### Task brief
Your copy should hold only the lines from the one holding "this 800×532 image." through the last line of the records below, both included, each exact and with no pictures.

### Data shown
-=-=-=-=-

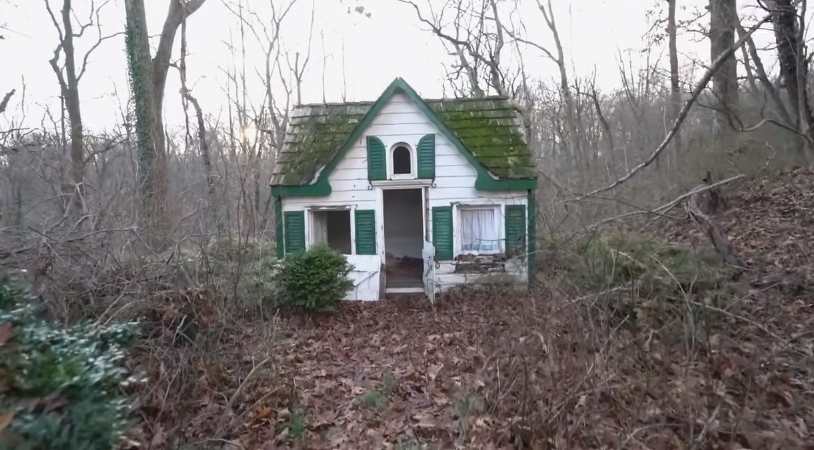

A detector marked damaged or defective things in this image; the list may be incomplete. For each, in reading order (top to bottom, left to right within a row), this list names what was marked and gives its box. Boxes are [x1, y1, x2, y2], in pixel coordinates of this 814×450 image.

broken window [392, 145, 412, 175]
tattered white curtain [310, 212, 326, 244]
broken window [310, 210, 352, 255]
broken window [462, 207, 500, 253]
tattered white curtain [462, 208, 500, 253]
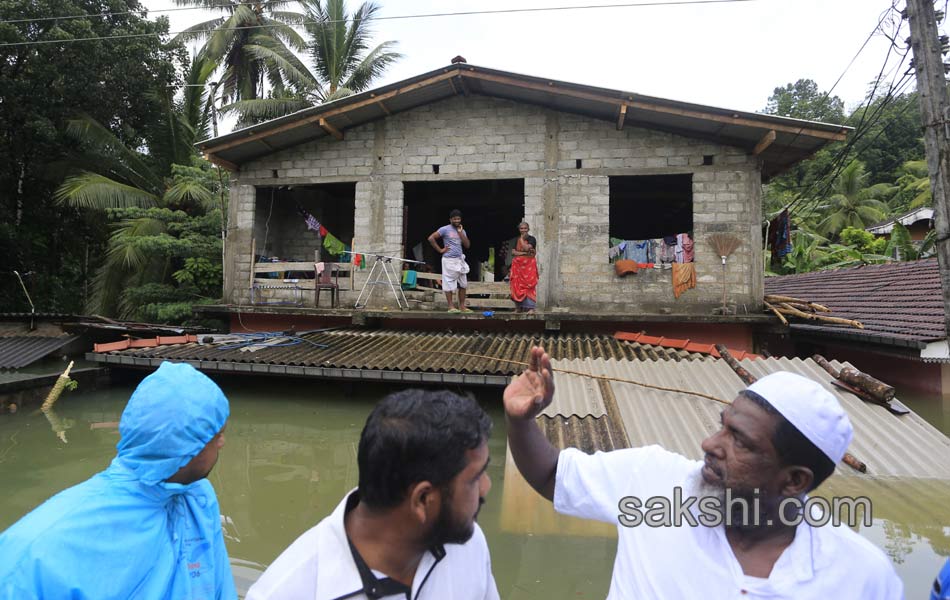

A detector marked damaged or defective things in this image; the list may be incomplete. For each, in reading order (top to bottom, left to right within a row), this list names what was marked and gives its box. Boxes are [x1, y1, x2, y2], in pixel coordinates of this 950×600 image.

rusty corrugated sheet [0, 336, 76, 368]
rusty corrugated sheet [93, 328, 708, 376]
rusty corrugated sheet [540, 358, 948, 480]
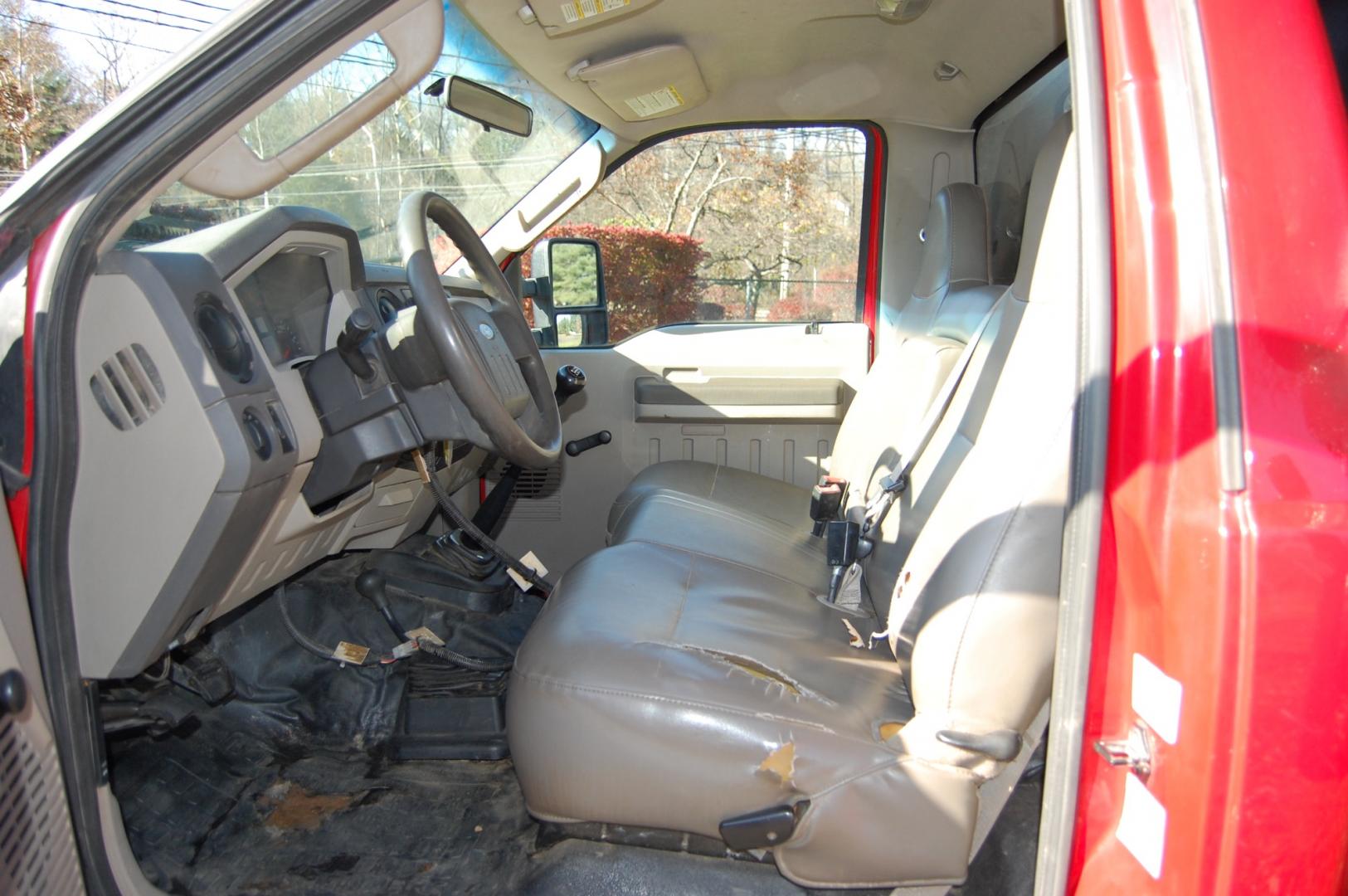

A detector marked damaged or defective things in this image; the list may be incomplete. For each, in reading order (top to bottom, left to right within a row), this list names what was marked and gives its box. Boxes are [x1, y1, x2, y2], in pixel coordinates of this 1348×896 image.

torn seat upholstery [511, 119, 1082, 889]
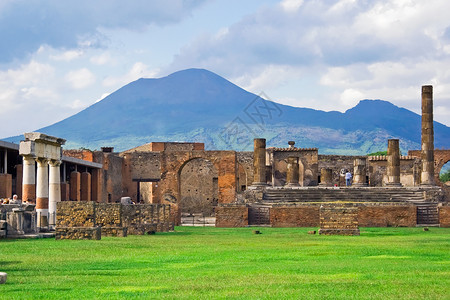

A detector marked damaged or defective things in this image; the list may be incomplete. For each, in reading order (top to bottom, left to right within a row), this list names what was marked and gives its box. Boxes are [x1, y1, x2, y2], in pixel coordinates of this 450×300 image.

broken pillar [384, 139, 402, 186]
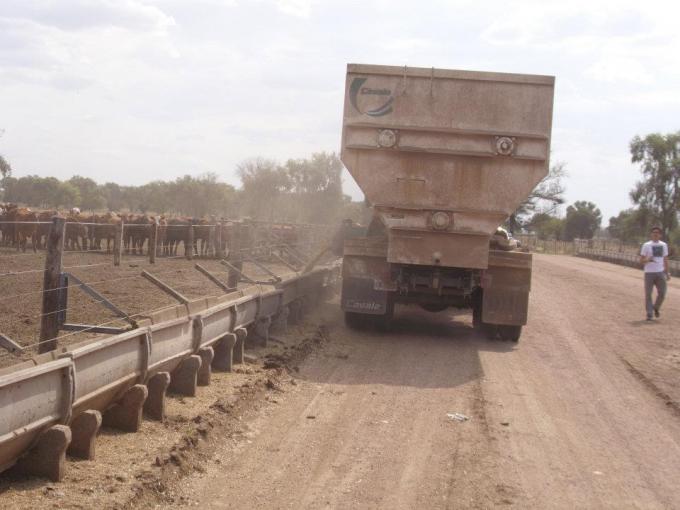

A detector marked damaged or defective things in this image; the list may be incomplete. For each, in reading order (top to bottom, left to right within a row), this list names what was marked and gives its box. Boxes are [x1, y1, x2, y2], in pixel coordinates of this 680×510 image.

rusty metal panel [342, 64, 556, 266]
rusty metal panel [0, 358, 73, 474]
rusty metal panel [63, 328, 150, 416]
rusty metal panel [147, 316, 193, 372]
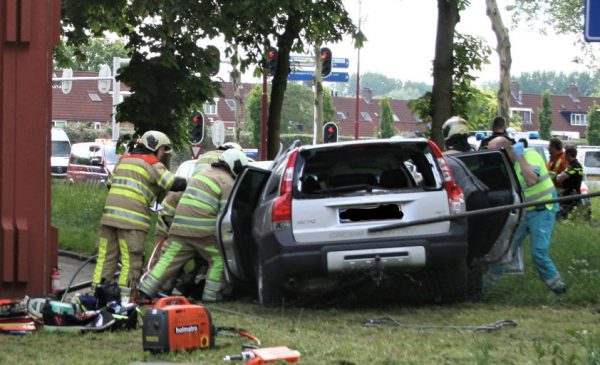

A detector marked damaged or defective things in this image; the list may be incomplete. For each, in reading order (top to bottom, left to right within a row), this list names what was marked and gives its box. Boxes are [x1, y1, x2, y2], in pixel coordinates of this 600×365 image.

crashed silver suv [217, 139, 520, 304]
damaged vehicle frame [217, 139, 524, 304]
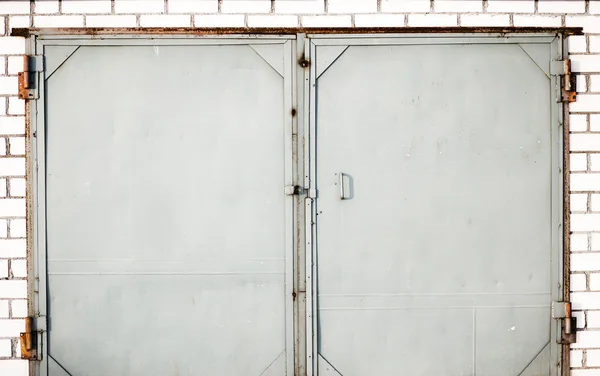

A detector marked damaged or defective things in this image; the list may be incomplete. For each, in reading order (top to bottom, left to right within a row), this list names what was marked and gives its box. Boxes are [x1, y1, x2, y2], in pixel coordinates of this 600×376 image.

rusty hinge [17, 55, 43, 100]
rusty hinge [552, 59, 576, 103]
rusty hinge [552, 302, 576, 346]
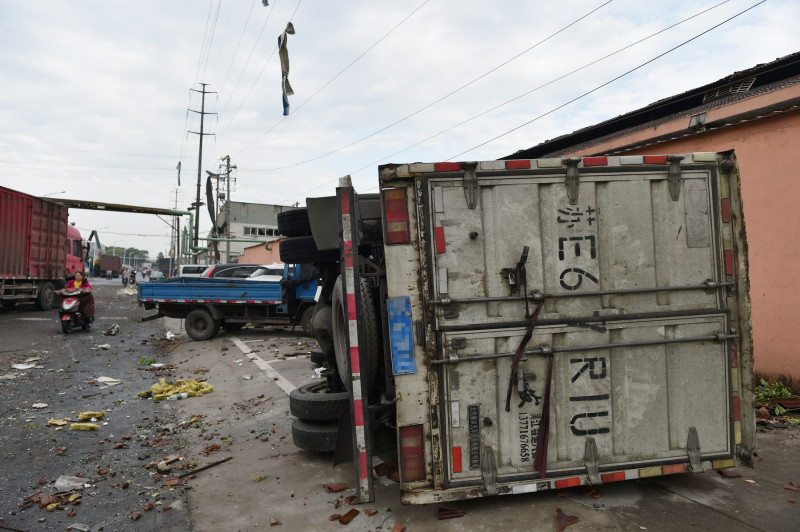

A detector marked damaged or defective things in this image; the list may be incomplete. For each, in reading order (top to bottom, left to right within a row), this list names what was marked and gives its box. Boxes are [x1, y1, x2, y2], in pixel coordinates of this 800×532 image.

overturned truck [282, 152, 756, 504]
broken brick [552, 508, 580, 532]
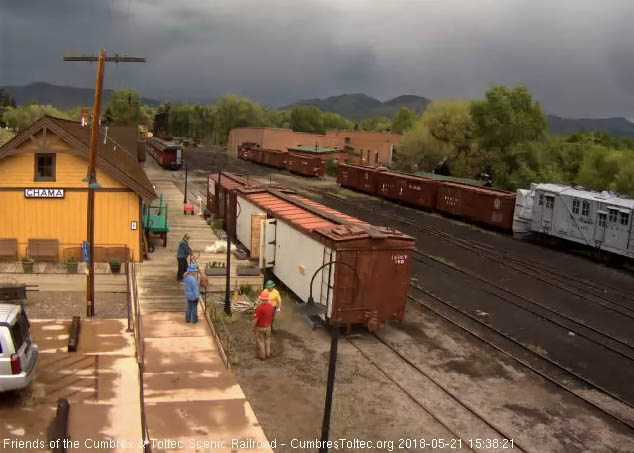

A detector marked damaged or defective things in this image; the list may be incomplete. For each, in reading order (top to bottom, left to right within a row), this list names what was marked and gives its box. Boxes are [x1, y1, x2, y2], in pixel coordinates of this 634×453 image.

rusty freight car [286, 152, 326, 177]
rusty freight car [336, 162, 386, 193]
rusty freight car [376, 171, 440, 210]
rusty freight car [436, 182, 516, 230]
rusty freight car [230, 184, 412, 328]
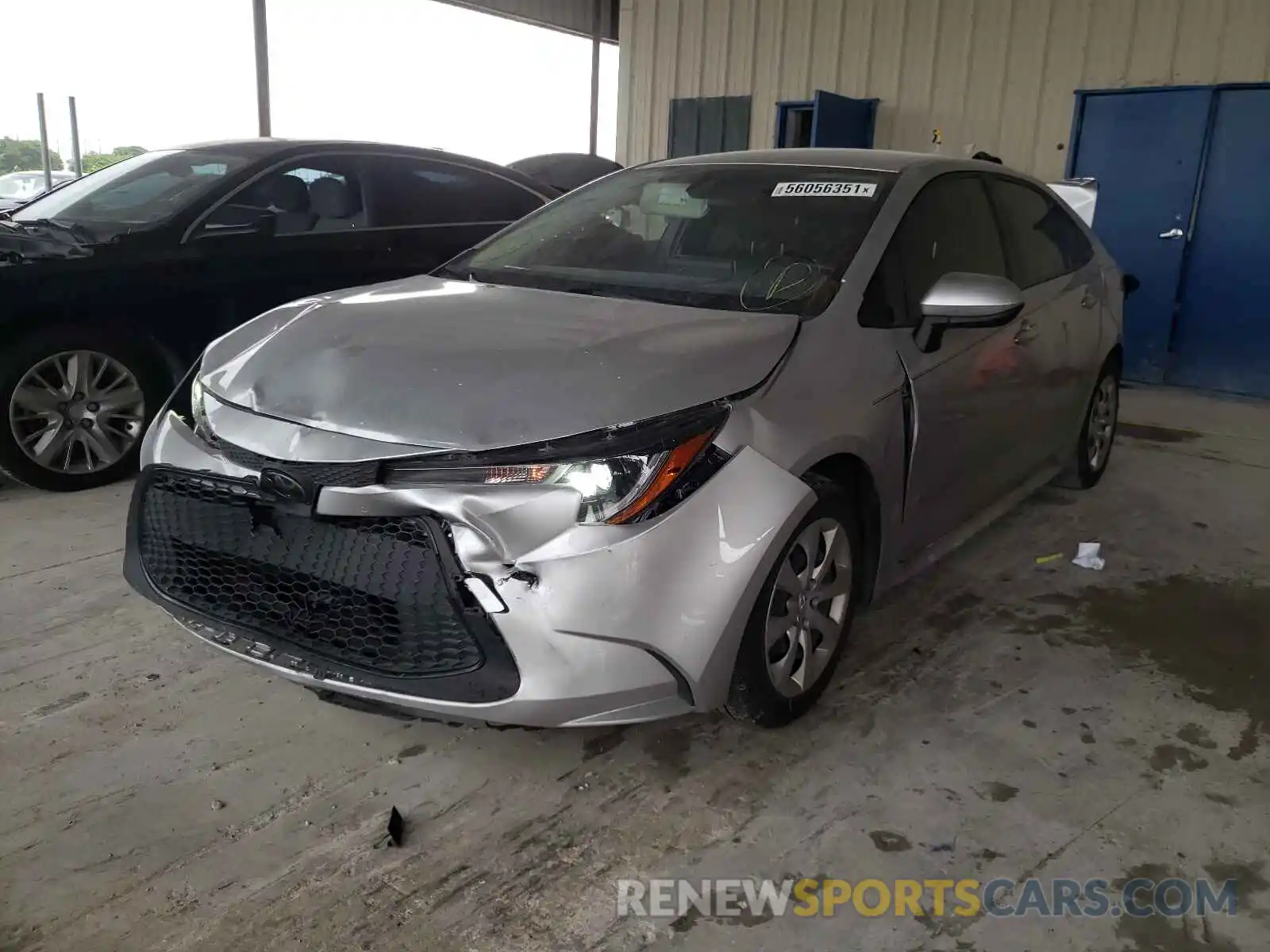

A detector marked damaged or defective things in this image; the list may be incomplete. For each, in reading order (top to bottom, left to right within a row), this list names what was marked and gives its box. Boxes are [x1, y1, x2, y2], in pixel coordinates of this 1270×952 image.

dented hood [199, 275, 797, 454]
damaged front bumper [121, 398, 813, 726]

-=-=-=-=-

### Answer to the exercise
A detector marked damaged or defective things in this image; the list may be incomplete. For each, in reading order (top to bottom, left to right within a row), this list names what was marked and gives its box. Boxes are [x1, y1, x2, y2], in pixel coordinates of this 800×532 image.

overturned truck [282, 152, 756, 504]
broken brick [552, 508, 580, 532]

A detector marked damaged or defective things in this image; the list may be incomplete. For each, in reading order (top to bottom, left to right within a row), this list names what was marked and gives its box. Boxes are [x1, y1, x2, y2], in pixel coordinates of this 634×453 image.

rusty freight car [286, 152, 326, 177]
rusty freight car [336, 162, 386, 193]
rusty freight car [376, 171, 440, 210]
rusty freight car [436, 182, 516, 230]
rusty freight car [230, 184, 412, 328]

A detector marked damaged or defective things in this image; the list may be incomplete. For each, in reading order (top to bottom, left to right within a row), this list names what was marked and gives its box. Boxes are [x1, y1, x2, y2], in pixel coordinates of this 1270×952 image.

dented hood [199, 275, 797, 454]
damaged front bumper [121, 398, 813, 726]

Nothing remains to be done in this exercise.